CPS employees who stole gift cards should lose license, face other consequenses, DuPage education rep says
Chicago Public Schools employees who allegedly "stole or misappropriated" school-purchased gift cards intended for students and families should face serious consequences, DuPage County Regional Schools Superintendent Darlene J. Ruscitti said during a recent interview.
"Those accused of fraud should lose their license in addition to the legal consequence," Ruscitti told the DuPage Policy Journal.
DuPage County's schools form a regional office of education (ROE) and the CPS gift card scandal was discussed with the finance department shortly after a report was published revealing the alleged fraud, Ruscitti said. "We have really good controls in place," Ruscitti said.
"As an ROE we are audited through auditor general's office and do not hire our own auditor," Ruscitti said. "However, I think CPS is a wake-up call that people have flaws and a few bad apples are out there. Review of processes has to be done on a regular basis. I also think people forget where the dollars come from and that it is their duty to protect the taxpayer dollars. I also think we have to remember there are many teachers everywhere who take money out of own pocket to help students."
Ruscitti, the first woman elected DuPage County regional schools superintendent since the office was established in 1854, previously ran for the U.S. House of Representatives to represent Illinois' 8th Congressional District but withdrew in December 2011. Later that month, she was appointed co-chair of the Illinois Republican Party's statewide Victory Program and the following spring, she was elected chairman of the DuPage County Republican Party.
Over three years, CPS employees spent more than $250,000 on approximately 7,500 gift cards, some of which allegedly were used as a means to circumvent the district's no-petty-cash policy, according to a recent report. Some cards were issued by Target, iTunes and other retailers as family incentives while others were for "large dollar amount" Visa, MasterCard or American Express gift cards, the report said.

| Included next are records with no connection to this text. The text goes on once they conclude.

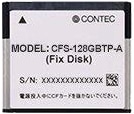 1.0 インチ 128GB SATA CFast カード (TLC)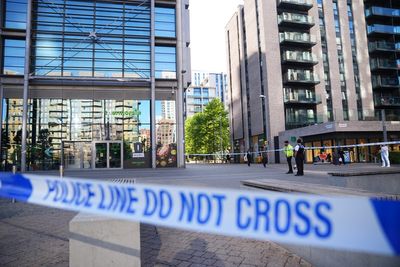Murder investigation launched after fatal stabbing at council headquarters in Wembley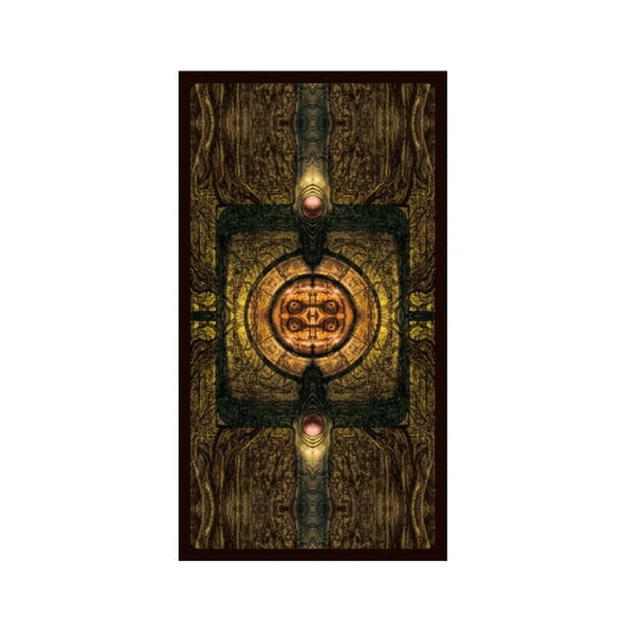 Гральні карти Scarabeo Таро Темне Таро Ройо (Royo Dark Tarot) (EX194MU) - изображение 6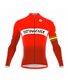 Jersey Bodyfit Bioracer PatinHouse Manga Larga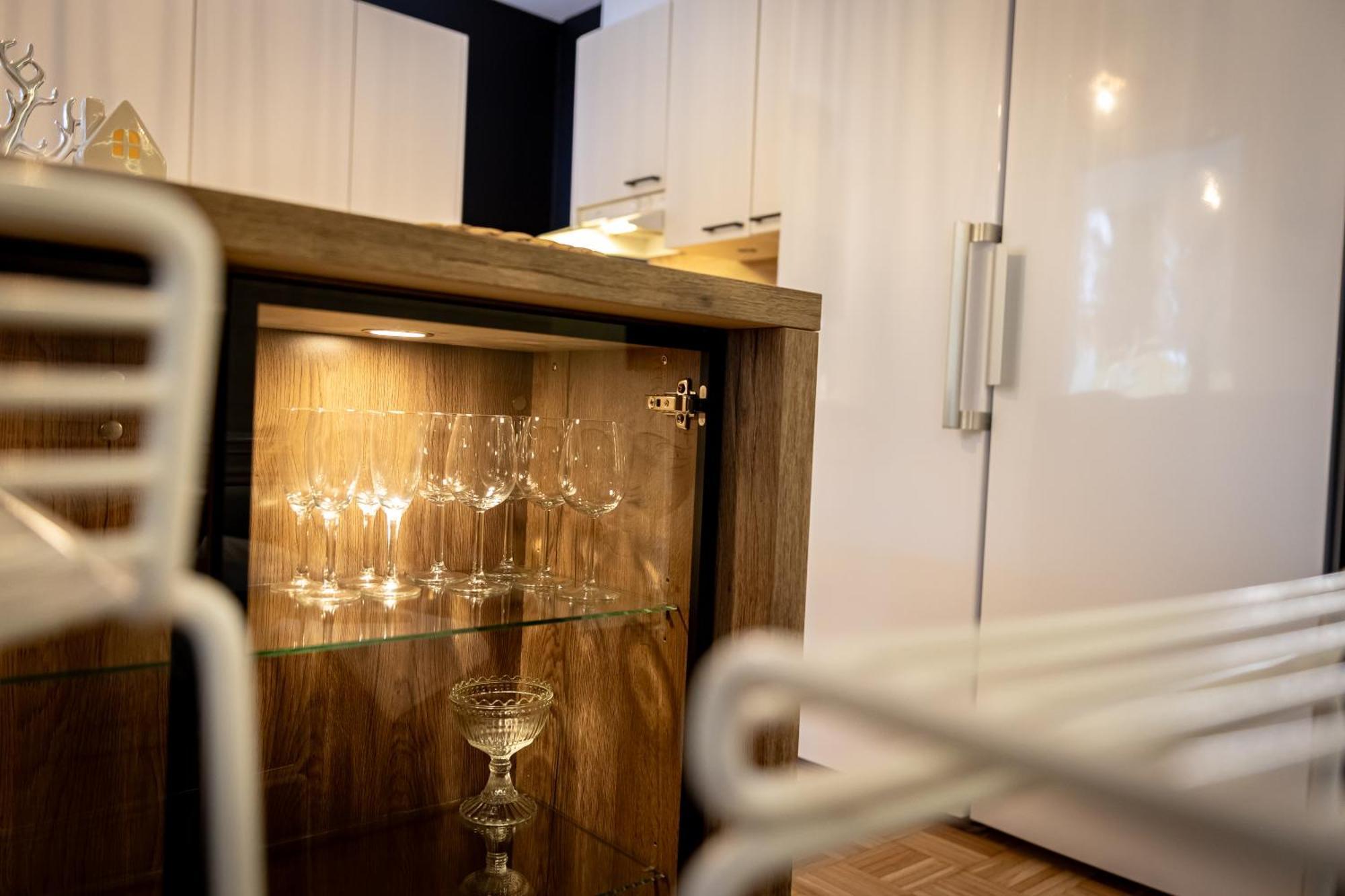 Apartment Aurora With Sauna By Booklapland *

"CPS personnel stole or misappropriated a portion of these gift cards," the report said. "As such, the OIG has not only recommended administrative discipline, but also referred these cases to the Cook County state's attorney's office for additional investigation and possible criminal prosecution."
The report was released Jan. 1 by the Office of the Inspector General (IOG) of Chicago Public Schools as part of its 75-page annual report for fiscal 2017 in the section titled "Theft at CPS Involving Gift Cards Used as Petty Cash." The annual report described almost 1,500 complaints about alleged misconduct, waste, fraud and financial mismanagement during fiscal 2017, but only a fraction of those complaints could be investigated.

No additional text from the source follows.